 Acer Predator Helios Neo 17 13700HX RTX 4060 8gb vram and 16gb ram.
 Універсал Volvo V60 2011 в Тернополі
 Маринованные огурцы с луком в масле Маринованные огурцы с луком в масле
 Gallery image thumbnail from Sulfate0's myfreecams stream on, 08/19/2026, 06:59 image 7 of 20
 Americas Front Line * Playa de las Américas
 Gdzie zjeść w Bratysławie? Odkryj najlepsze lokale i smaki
********
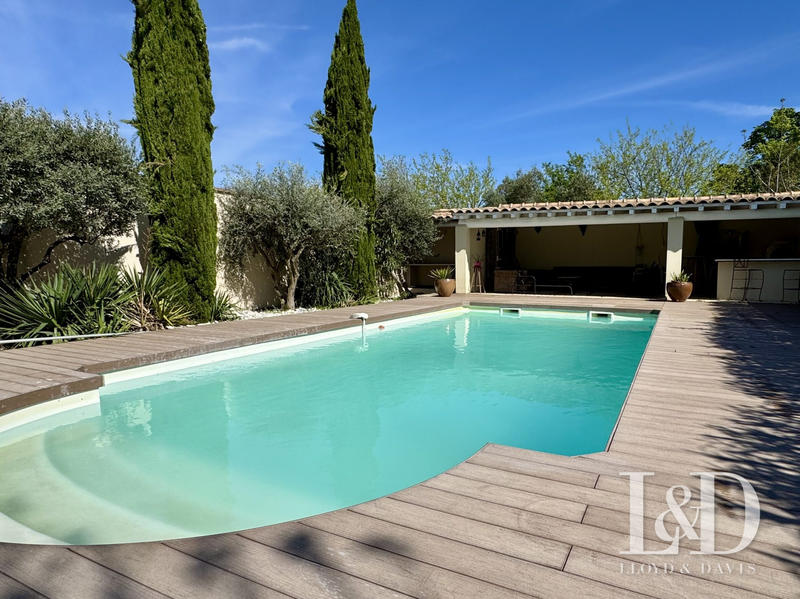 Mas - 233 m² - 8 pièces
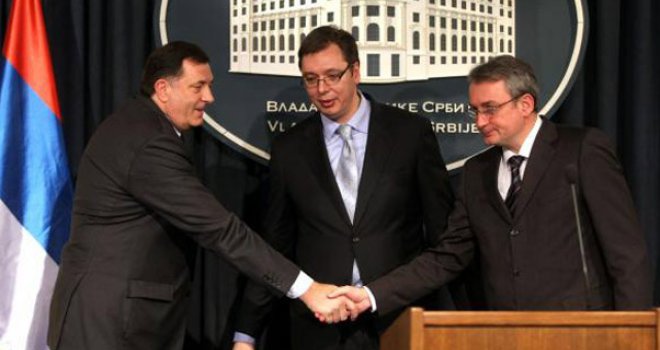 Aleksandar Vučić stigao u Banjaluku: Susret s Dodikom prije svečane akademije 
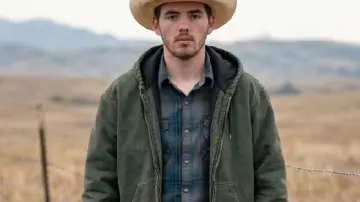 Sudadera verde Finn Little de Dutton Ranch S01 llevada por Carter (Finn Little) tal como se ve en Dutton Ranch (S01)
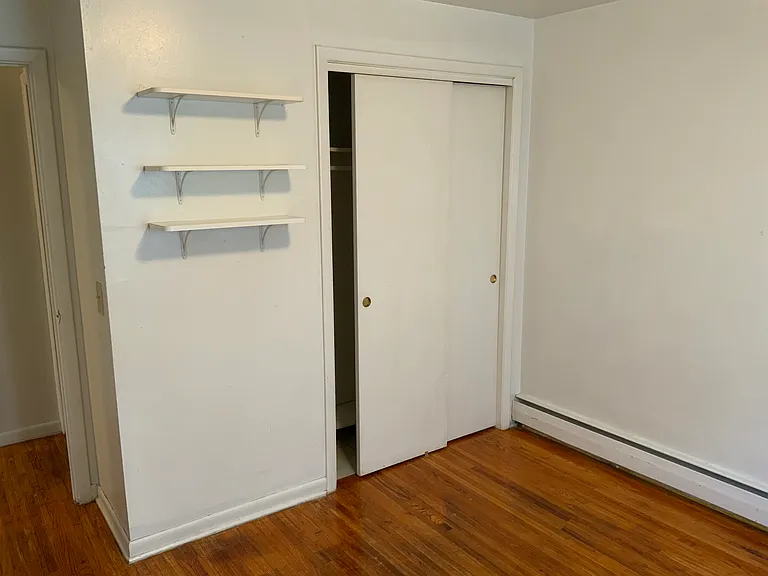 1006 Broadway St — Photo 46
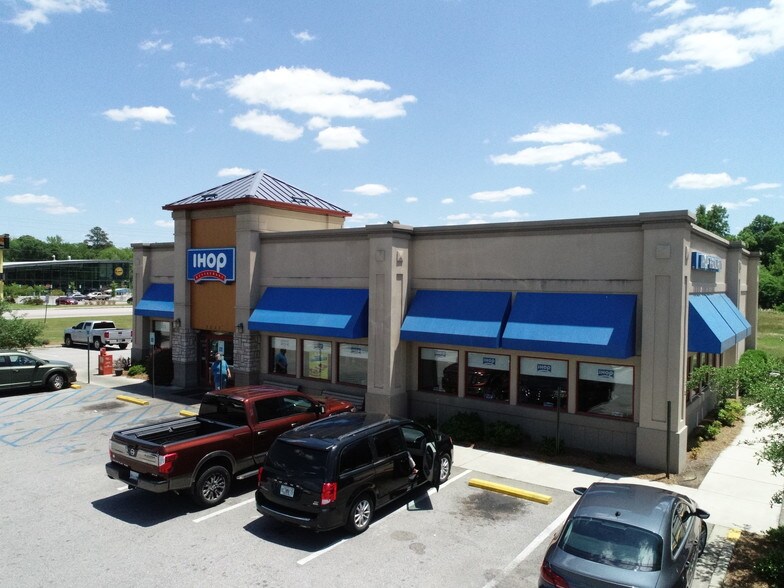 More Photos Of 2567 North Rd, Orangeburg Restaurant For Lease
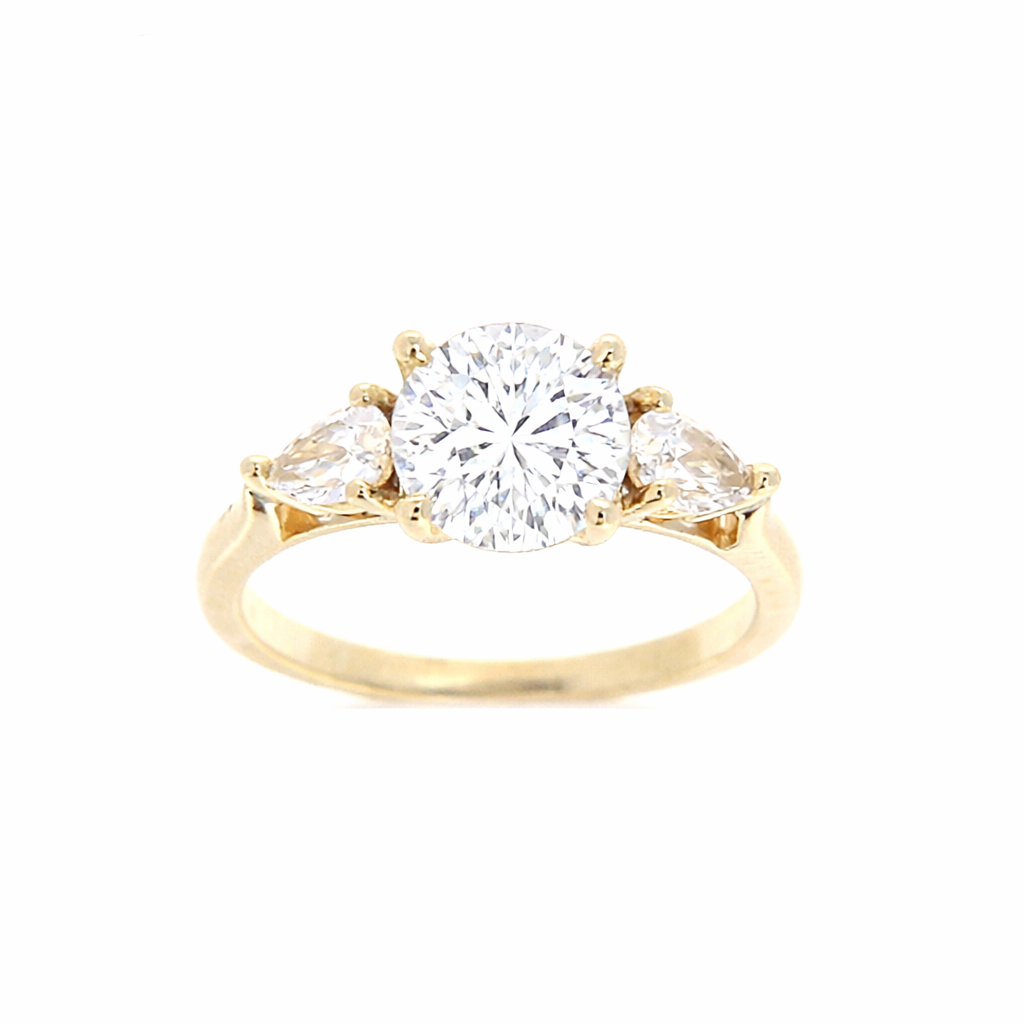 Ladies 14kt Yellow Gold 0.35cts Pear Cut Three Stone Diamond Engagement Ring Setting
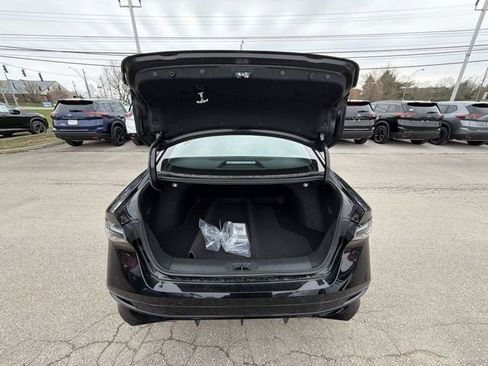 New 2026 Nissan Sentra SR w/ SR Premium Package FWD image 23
********
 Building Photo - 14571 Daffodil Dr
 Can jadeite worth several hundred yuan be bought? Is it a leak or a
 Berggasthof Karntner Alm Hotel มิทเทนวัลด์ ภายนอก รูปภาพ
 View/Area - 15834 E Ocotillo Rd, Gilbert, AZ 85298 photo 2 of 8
********
*Exercise:* In the listing above, find the line with "Ladies 14kt Yellow" and the line with "New 2026 Nissan". Copy exactly those lines and all between them, minus the images.

*Answer to this task:*
 Ladies 14kt Yellow Gold 0.35cts Pear Cut Three Stone Diamond Engagement Ring Setting
 New 2026 Nissan Sentra SR w/ SR Premium Package FWD image 23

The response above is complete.